Y dentro de esta denuncia permanente y ligada a figura de Wolf Vostell está Antonio Gómez y su manera de ver el mundo a caballo entre lo artístico y lo literario a través de sus poemas-objeto. Las ideas que guían estos poemas están entre la ironía y la denuncia: el poder, la tradición, la moda, la comunicación, el consumismo, la falsa democracia, la venta de todo están presentes en cada pieza que crea. Sus símbolos ponen en entredicho todas estas cuestiones mediante la denuncia social, política, religiosa o comunicativa, pero sin caer en la burla, como apunta Miguel Ángel Lamas, sino más bien con el objetivo de recrear pedagógicamente nuestra mirada y nuestro pensamiento.
Antonio Gómez, Luz Eterna, poema visual, 2003.

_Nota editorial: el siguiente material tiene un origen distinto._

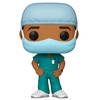 Figura Pop Front Line Worker Male 2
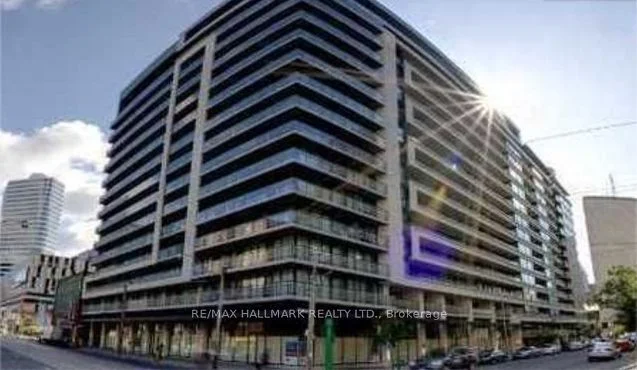 111 Elizabeth Street 1631, Toronto C01, On M5g 1p7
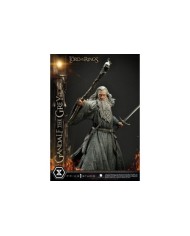 Gandalf El Gris El Señor de los Anillos Estatua 1/4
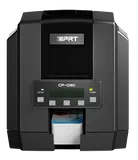 Принтер пластиковых карт iDPRT CP-D80, Card Printer, 300DPI, USB2.0 and Ethernet, two side printing (109CPD808004DS) (new P/N 101000015+100800025)
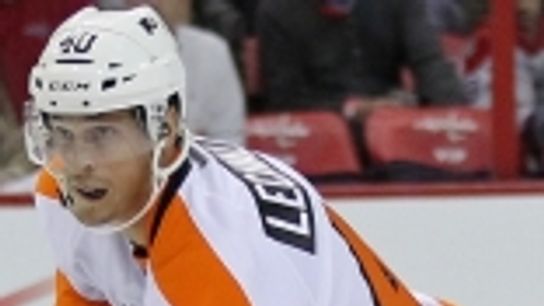 Flyers Working To Free Cap Space For Trade?  Bogosian? Monday's Buzzcast (NHL rumors)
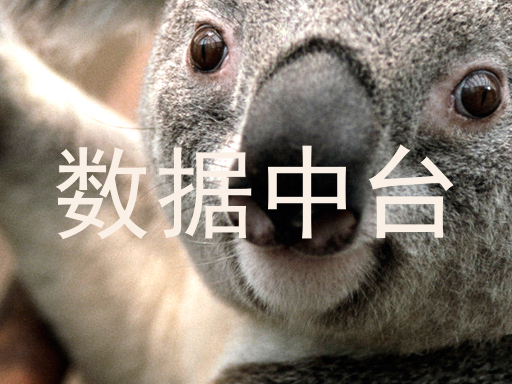 数据中台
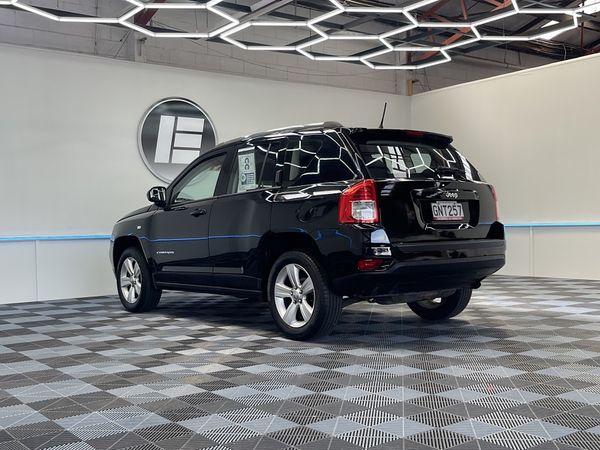 2012 Jeep Compass Enterprise Hamilton, Lake Rd image 300338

En este mismo plano figurativo podemos encuadrar la etapa de los años ochenta Juan José Narbón; un periodo donde sus obras tuvieron una gran carga moral reflejada en ese «grito militante» y desgarrador no exento de cierta ingenuidad. Una figuración que en Eduardo Naranjo se transforma en onírica al acercarnos a un universo misterioso a través de la creación divina que él reinterpreta al establecer códigos que se ajustan a la narración bíblica del Génesis.Sin embargo, Guillermo Silveira encarnó ese nuevo espíritu y lo hizo con su obra y su palabra al definir su labor como «humana, sentida y compartida, al menos, en lo espiritual y con el corazón, concebida y ejecutada con los sentimientos más profundos».